Main Line Railway

Colombo, Sri Lanka | C.1864

Photo Credit: Nikki Oka

Winding through the hill country between Colombo Fort and Badulla, the Main Line railway takes travelers on one of the most scenic train journeys in Asia. It was the first train line in the country, built to transport tea and coffee from the estates to the cities. Today, the Main Line runs several passenger services along this historic route.

Though the British are often credited with construction of the rail line, local engineers designed many of its key elements. The first segment opened in 1864, with the construction of the line from Colombo to Ambepussa, 54 km (34 mi) to the east. The first train ran in December 1864, and the line was officially opened for traffic in October 1865.

The Main Line starts from Colombo and runs east and north past the rapidly developing centers of Ragama, Gampaha, Veyangoda, and Polgahawela. At times, the track climbs steeply into the hills or clings to the sides of sheer cliffs. The dramatic journey passes through many tea plantations, natural and cultivated landscapes, and small towns and villages. Because the trains only travel about 24 kmh (15 mph), they are one of the best ways to see the area. The famously air-conditioned Blue Train runs from Kandy to Ella, and is extremely popular among tourists.

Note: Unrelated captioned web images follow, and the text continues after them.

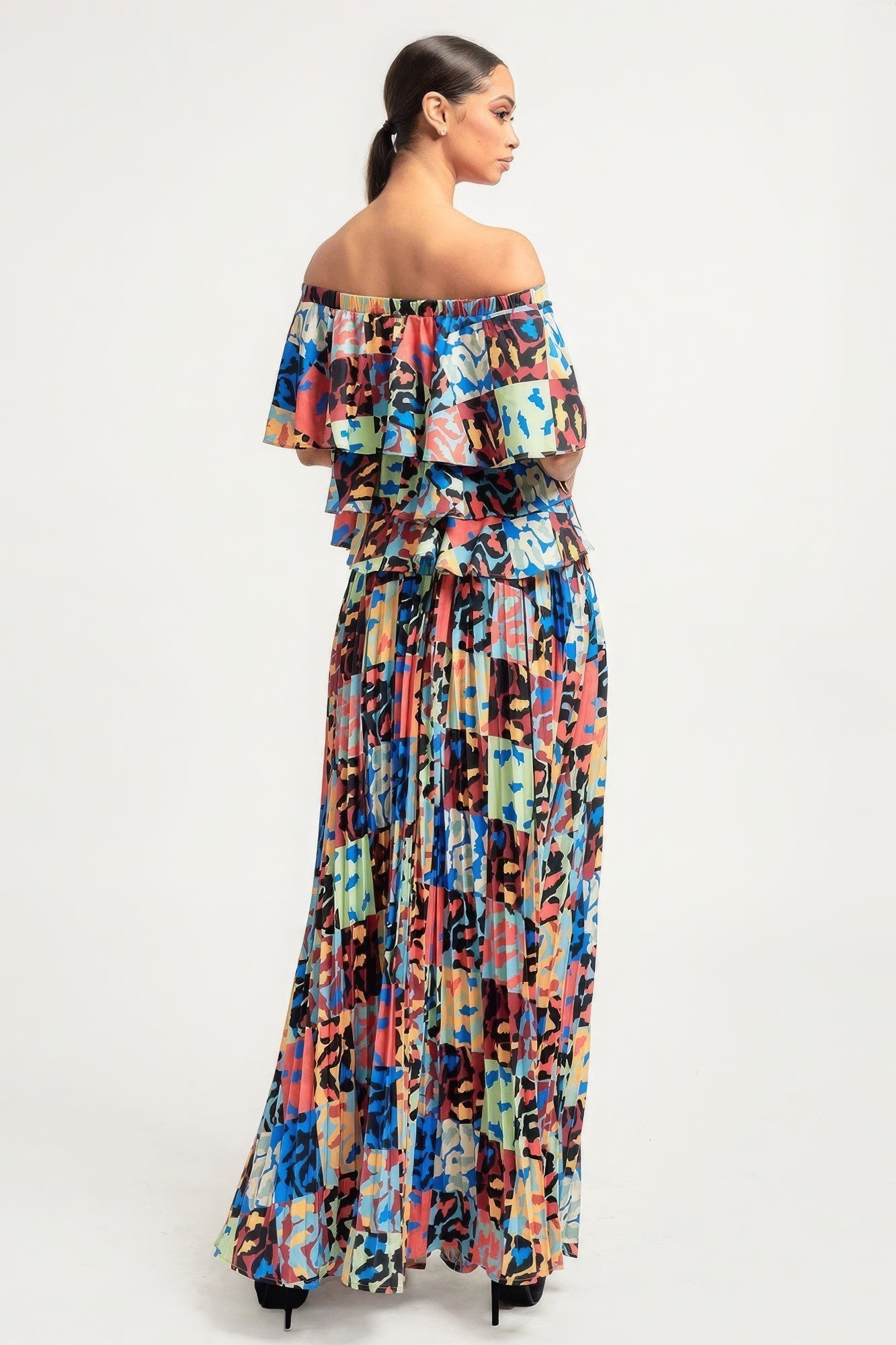 Printed Ruffle Top And Pleated Skirt Set-Product Type | Naughty Smile Fashion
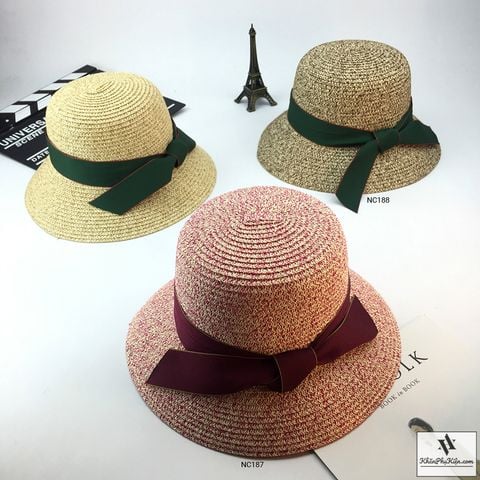 Nón Cói Form Cứng Phối Nơ Màu Xanh Rêu - Mã NC188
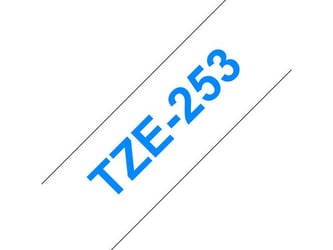 Brother TZe-253 Tape, 24 mm x 8 m, Blauw op Wit artikel afbeelding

The trains themselves are diesel, usually Chinese-built, and include a variety of carriages.  In 2011, ExpoRail and Rajadhani Express began operating a premium section on trains intended to improve rail transport’s appeal to the public. Sri Lanka Railways also began importing new diesel-multiple units to replace the aging rolling stock previously used on the line. There are plans to electrify parts of the line, but so far no groundwork has begun.